Start with install notes or jump straight into the API.

API

Introduction

Layer matches the Turbopuffer wire contract so existing clients keep working when you point them at the gateway. Where a route has an upstream equivalent, the site documents what Layer adds — not the upstream behavior itself. Follow the Upstream docs link on each page for the underlying request/response shape.

Install

The Python SDK is generated from apps/layer-gateway/openapi.yaml and ships the typed async client (AsyncHevlayer) and the layer CLI in one package.

pip install hevlayer

Requires Python 3.11+. Both the SDK and the CLI read connection info from environment variables:

VariablePurpose
LAYER_GATEWAY_URLBase URL of the gateway.
LAYER_GATEWAY_API_KEYAPI key sent on every request.
TURBOPUFFER_API_KEYOptional direct fallback key for Turbopuffer-compatible SDK calls when the gateway is unreachable.
TURBOPUFFER_API_URLOptional direct fallback base URL; defaults to https://aws-us-east-1.turbopuffer.com.

The CLI surface is documented separately under Layer CLI. Languages beyond Python are generated on demand through the SDK harness; reach out if you need one that isn’t shipped yet.

Client fall-through

The Python SDK can fall through to Turbopuffer direct when the gateway is unreachable. The fallback is limited to calls that can be satisfied without Layer state: simple vector queries and raw Turbopuffer-compatible methods such as write_namespace, query_turbopuffer_namespace, and namespace schema/listing calls. It emits a client log warning and sets LayerPerf.fallback to turbopuffer_direct when with_perf=True.

Fetches, warm jobs, pipelines, UDFs, nearest_to_id queries, and other Layer-only workflows still fail fast because they depend on gateway-owned cache, queue, history, or consistency state. Set fallback_to_turbopuffer=False on AsyncHevlayer to disable direct fallback.

Enhancements to upstream routes

Each of the routes below is wire-compatible with Turbopuffer. The body of each section describes only what Layer overlays on top.

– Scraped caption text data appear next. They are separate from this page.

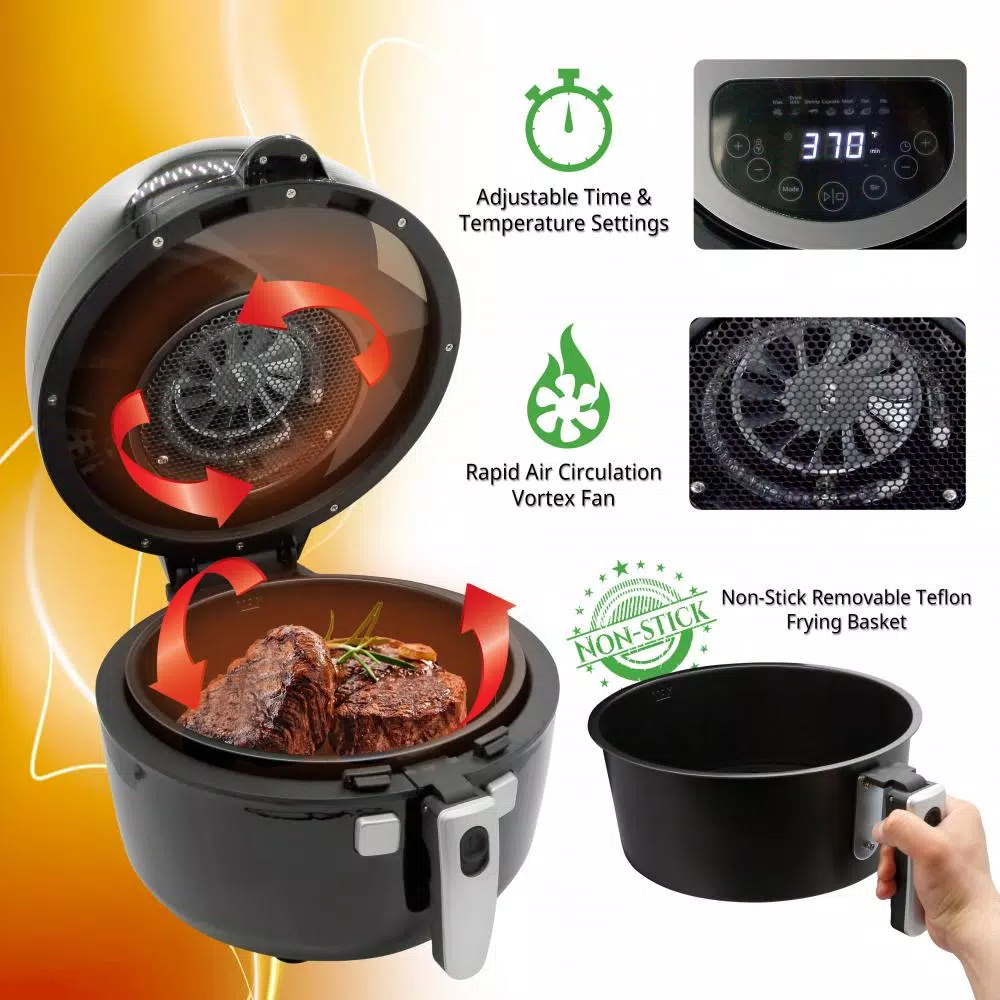 Toasters NutriChef Black Countertop Oven Air Fry Cooker Healthy Kitchen Air Fryer Convection Cooking 7 Toasters NutriChef Black Countertop Oven Air Fry Cooker Healthy Kitchen Air Fryer Convection Cooking - Image 5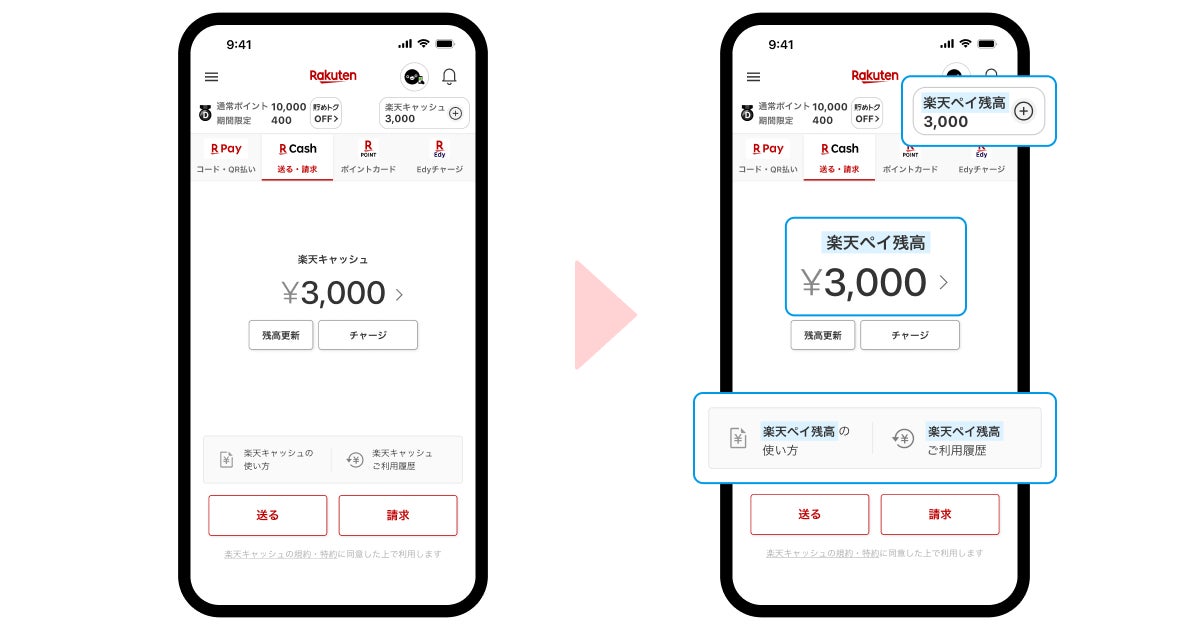 楽天ペイ残高の表示イメージ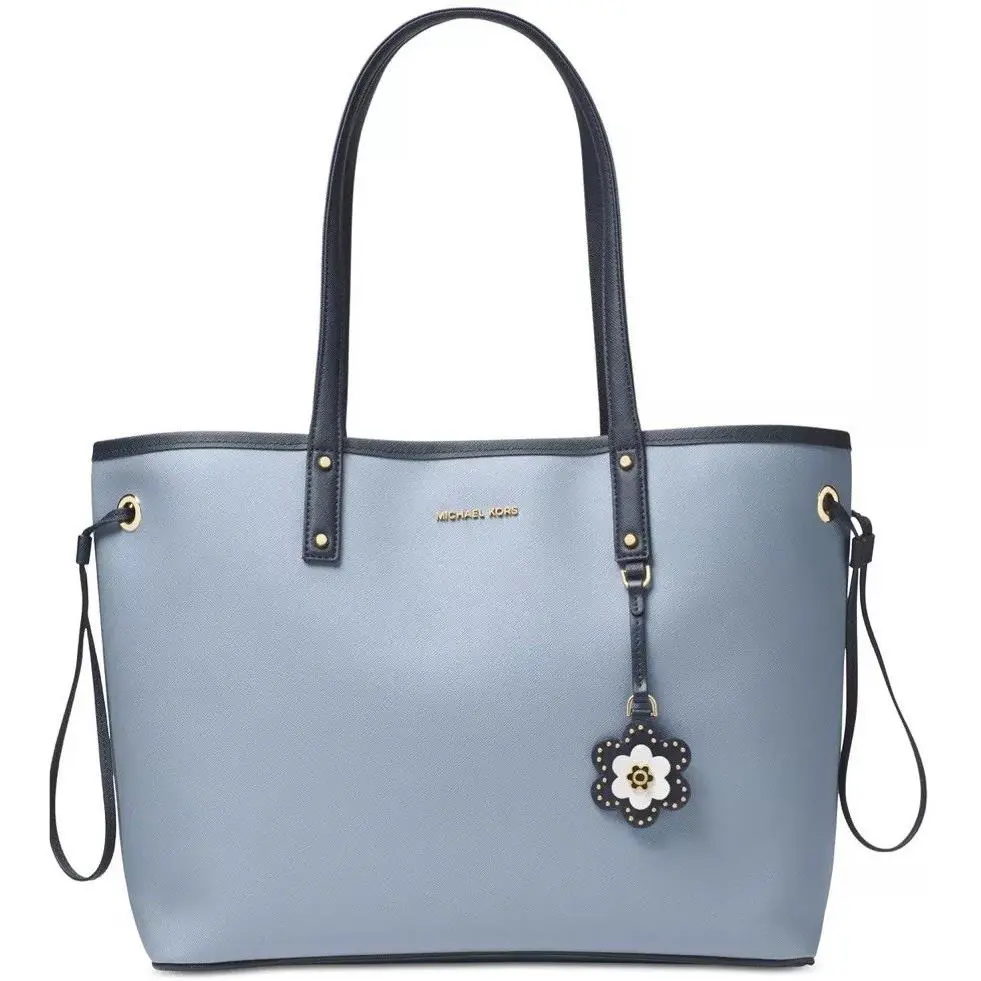 Michael Kors Carter Large Tote Bicolor Pale Blue Bag Pvc Tote Flower Logo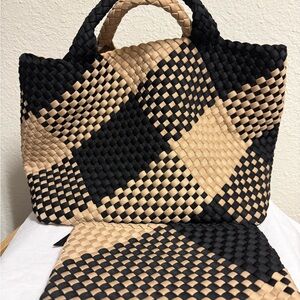 Naghedi Black and Tan Woven Tote Bag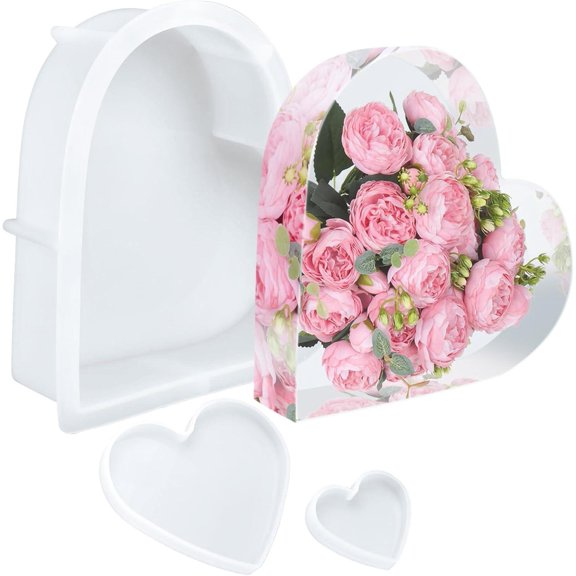 Large Heart Resin Mold, Heart Shaped Silicone Molds for Epoxy Resin, Large Molds for Flower Preservation, Deep Pour Mold for Furniture Decoration, DIY Wedding Bouquets, Valentine's Day Gifts
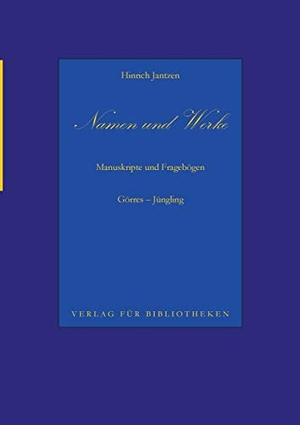 Jantzen, Hinrich. Namen und Werke 8. Books on Demand, 2018.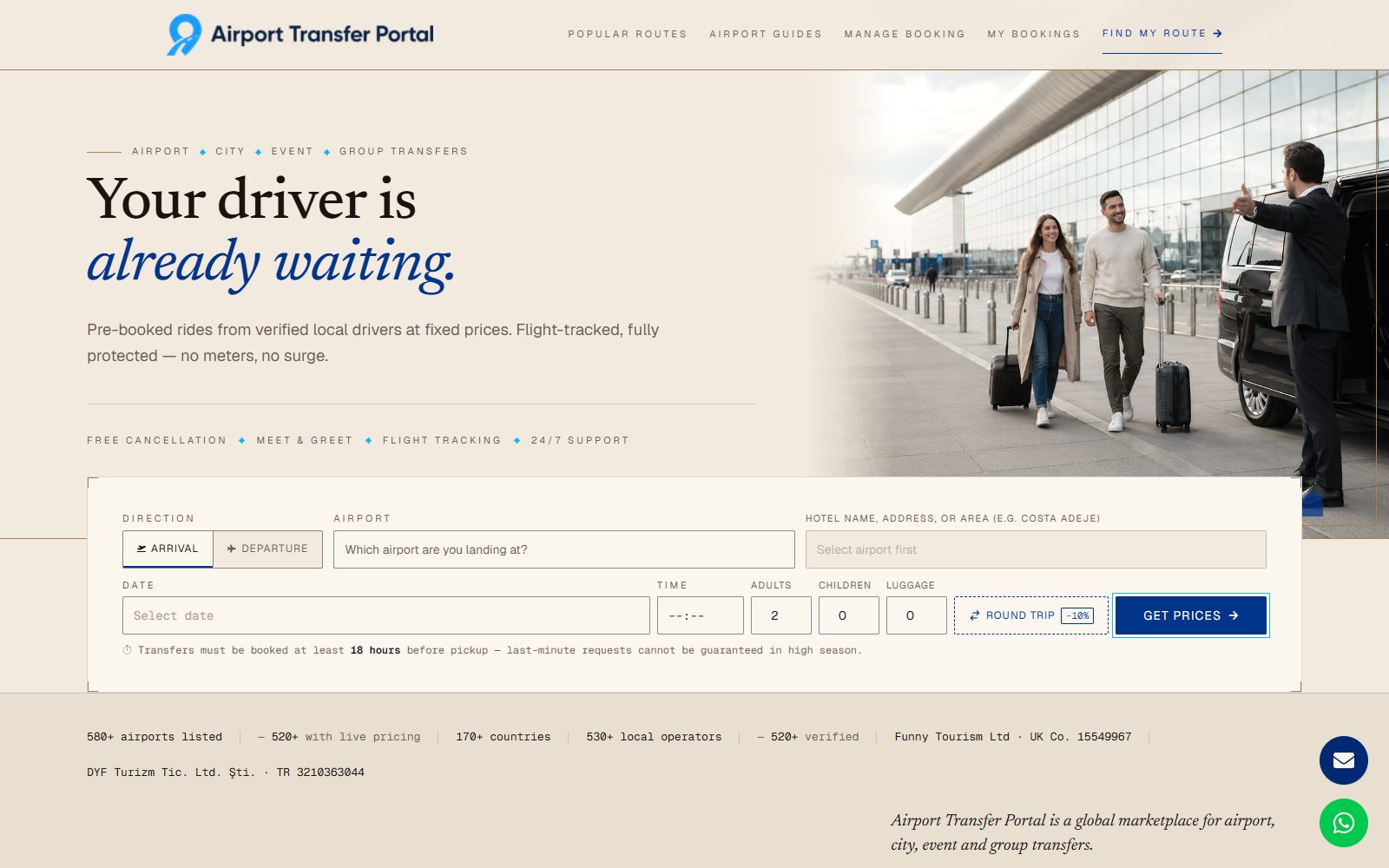Airport Transfer Portal screenshot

Write — POST /v2/namespaces/{ns} and PATCH /v2/namespaces/{ns}

  • Best-effort NVMe cache mirror before the upstream write.
  • Server-stamped _hevlayer_upserted_at on every upsert and patch, which powers the consistency watermark on the query path.
  • _hevlayer_* attributes are reserved — writes to them are rejected.

Page: Write.

Query — POST /v2/namespaces/{ns}/query

  • Strong-consistent reads via an injected _hevlayer_upserted_at <= watermark predicate while the upstream index is updating.
  • One-shot 429 retry with the watermark filter forced on, for queries that race a write storm.
  • stable_as_of echoed on every response so callers can correlate freshness across reads.

Page: Query.

Metadata — GET /v2/namespaces/{ns}/metadata

  • Proxied upstream verbatim, then enriched with a layer block containing stable_as_of and is_stable.

Page: Namespace metadata.

Cache warm hint — GET /v1/namespaces/{ns}/hint_cache_warm

  • Forwards the hint upstream, then runs Layer-side warm steps: a warm job to backfill the NVMe cache from origin, plus a mirror of the latest S3 snapshot body into NVMe.
  • Each step is independently toggleable per request.

Page: Warm cache.

Cross-cutting conventions

These apply to every endpoint Layer proxies, whether the route is upstream-compatible or Layer-only.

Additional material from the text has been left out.